(Data provided)
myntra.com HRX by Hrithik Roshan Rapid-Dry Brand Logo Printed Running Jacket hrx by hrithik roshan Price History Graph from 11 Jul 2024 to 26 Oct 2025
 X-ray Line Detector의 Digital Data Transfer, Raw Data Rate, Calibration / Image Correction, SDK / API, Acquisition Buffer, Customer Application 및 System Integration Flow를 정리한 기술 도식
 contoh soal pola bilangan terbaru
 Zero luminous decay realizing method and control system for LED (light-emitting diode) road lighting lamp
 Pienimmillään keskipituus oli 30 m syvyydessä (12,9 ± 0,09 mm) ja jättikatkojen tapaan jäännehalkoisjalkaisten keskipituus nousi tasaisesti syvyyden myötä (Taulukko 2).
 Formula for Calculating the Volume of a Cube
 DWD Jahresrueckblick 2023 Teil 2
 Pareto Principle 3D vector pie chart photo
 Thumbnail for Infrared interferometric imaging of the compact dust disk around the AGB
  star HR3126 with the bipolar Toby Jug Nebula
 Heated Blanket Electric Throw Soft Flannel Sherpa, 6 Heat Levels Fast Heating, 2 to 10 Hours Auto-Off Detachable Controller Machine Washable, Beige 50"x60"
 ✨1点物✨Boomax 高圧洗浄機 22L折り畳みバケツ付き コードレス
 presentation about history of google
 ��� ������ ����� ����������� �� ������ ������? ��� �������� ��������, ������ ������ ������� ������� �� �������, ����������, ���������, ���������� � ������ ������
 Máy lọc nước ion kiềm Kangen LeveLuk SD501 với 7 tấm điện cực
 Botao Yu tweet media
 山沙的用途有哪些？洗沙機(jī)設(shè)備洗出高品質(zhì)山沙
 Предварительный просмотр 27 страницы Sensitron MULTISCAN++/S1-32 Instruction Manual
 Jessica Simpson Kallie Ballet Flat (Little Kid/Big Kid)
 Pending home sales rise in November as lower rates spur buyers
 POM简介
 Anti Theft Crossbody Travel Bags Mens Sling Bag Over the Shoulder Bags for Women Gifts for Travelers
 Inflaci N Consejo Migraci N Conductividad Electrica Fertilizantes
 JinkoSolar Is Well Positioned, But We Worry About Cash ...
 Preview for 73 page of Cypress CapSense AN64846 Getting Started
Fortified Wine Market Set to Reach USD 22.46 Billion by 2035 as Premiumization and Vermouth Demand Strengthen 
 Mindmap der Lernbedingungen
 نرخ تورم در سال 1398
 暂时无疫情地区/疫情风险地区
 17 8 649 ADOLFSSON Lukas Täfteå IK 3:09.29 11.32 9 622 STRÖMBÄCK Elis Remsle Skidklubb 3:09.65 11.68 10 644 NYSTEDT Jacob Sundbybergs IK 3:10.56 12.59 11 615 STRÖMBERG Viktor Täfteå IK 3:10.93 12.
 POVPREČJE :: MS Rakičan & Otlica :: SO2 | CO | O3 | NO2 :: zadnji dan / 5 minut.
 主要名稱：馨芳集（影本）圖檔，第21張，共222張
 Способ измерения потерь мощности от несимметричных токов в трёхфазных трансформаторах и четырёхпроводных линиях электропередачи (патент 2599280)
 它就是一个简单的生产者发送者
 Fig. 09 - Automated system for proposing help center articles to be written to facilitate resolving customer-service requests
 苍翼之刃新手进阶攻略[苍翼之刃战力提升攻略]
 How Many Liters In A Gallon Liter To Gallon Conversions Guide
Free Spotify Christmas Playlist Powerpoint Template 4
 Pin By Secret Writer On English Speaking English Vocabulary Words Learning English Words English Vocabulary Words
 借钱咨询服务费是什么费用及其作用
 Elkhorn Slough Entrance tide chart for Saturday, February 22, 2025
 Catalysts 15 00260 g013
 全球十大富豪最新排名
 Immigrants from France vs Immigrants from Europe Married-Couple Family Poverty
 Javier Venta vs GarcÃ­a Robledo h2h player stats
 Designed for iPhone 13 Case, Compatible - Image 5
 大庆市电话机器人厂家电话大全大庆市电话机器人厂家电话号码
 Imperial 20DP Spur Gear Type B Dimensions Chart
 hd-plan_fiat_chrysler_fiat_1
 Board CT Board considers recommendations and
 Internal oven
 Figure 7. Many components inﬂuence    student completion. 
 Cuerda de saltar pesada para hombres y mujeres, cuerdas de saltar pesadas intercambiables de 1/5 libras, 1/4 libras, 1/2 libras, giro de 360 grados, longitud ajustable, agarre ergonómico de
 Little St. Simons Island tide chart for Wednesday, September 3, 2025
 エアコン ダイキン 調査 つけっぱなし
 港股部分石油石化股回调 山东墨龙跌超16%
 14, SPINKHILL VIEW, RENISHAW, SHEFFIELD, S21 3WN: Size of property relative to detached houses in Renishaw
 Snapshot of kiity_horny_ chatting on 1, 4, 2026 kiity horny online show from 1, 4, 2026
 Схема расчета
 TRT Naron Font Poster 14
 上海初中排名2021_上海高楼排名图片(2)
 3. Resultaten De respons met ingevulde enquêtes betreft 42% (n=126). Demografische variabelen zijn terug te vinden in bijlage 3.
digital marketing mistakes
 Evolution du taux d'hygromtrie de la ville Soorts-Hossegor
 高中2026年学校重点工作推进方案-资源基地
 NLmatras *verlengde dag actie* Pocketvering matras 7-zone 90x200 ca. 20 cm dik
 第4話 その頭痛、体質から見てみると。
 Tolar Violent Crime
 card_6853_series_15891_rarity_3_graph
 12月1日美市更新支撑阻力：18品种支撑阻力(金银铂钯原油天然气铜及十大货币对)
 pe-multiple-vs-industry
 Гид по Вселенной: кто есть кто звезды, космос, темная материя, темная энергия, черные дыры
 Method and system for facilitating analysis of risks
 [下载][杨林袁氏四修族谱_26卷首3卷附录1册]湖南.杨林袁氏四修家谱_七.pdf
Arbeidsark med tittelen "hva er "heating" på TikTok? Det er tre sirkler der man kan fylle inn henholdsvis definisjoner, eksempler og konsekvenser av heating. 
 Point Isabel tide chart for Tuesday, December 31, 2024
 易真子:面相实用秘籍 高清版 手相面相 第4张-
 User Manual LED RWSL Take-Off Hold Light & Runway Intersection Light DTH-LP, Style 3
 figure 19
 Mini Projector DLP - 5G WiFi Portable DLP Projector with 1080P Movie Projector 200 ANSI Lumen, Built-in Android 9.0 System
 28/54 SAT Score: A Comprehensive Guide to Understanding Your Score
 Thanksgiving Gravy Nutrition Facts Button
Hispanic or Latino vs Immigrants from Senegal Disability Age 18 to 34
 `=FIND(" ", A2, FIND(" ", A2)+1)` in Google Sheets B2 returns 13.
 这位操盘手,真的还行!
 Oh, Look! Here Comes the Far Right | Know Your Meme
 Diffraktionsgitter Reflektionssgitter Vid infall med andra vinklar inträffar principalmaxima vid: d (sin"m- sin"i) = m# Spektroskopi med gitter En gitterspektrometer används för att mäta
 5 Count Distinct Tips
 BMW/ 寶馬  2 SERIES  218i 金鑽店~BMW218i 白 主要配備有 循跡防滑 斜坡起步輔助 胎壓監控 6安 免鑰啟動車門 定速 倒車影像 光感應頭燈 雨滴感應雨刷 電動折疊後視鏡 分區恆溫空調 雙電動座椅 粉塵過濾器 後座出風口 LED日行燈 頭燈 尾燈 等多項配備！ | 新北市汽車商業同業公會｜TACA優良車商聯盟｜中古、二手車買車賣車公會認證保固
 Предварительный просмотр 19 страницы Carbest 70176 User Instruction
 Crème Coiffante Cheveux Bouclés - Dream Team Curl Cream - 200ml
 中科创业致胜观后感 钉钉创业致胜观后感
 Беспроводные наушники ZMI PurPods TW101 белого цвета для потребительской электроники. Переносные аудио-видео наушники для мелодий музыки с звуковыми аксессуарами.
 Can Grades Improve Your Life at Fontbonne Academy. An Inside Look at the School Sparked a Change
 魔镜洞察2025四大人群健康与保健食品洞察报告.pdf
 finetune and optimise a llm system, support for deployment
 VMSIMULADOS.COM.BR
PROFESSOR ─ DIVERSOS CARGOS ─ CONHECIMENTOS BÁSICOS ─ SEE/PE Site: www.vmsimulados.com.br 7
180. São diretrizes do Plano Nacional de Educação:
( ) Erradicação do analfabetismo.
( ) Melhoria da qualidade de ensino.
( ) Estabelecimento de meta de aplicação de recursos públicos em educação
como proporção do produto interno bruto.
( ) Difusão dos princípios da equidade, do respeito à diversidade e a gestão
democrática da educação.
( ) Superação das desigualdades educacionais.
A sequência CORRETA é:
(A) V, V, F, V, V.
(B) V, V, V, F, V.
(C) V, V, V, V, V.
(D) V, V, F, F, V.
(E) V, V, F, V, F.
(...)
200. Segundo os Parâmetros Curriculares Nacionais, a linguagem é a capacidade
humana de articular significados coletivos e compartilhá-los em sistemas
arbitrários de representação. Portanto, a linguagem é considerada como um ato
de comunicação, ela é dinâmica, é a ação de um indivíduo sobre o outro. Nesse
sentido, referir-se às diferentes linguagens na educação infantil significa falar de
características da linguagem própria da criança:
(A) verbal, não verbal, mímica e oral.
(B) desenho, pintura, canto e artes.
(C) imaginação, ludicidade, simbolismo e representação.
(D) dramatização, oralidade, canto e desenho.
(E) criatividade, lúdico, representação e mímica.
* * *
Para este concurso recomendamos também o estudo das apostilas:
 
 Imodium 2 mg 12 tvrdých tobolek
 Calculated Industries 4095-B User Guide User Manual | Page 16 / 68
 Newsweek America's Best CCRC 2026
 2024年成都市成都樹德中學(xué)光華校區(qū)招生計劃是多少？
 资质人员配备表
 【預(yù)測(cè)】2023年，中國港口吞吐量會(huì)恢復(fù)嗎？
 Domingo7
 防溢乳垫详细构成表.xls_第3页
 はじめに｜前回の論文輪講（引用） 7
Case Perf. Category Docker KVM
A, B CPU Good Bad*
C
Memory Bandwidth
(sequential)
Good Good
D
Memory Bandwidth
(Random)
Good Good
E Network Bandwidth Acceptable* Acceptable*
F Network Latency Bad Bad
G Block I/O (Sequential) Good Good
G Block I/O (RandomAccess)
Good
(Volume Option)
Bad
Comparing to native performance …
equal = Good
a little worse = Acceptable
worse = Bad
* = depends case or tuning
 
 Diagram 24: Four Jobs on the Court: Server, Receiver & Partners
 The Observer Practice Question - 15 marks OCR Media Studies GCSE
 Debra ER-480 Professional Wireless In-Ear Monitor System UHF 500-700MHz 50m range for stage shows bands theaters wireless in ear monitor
(End Data provided)
Your task: Using only the entries above, output the line with "Oh, Look! Here", the line with "5 Count Distinct Tips", and all lines between them, exactly as they stand.

Answer to this exercise:
 Oh, Look! Here Comes the Far Right | Know Your Meme
 Diffraktionsgitter Reflektionssgitter Vid infall med andra vinklar inträffar principalmaxima vid: d (sin"m- sin"i) = m# Spektroskopi med gitter En gitterspektrometer används för att mäta
 5 Count Distinct Tips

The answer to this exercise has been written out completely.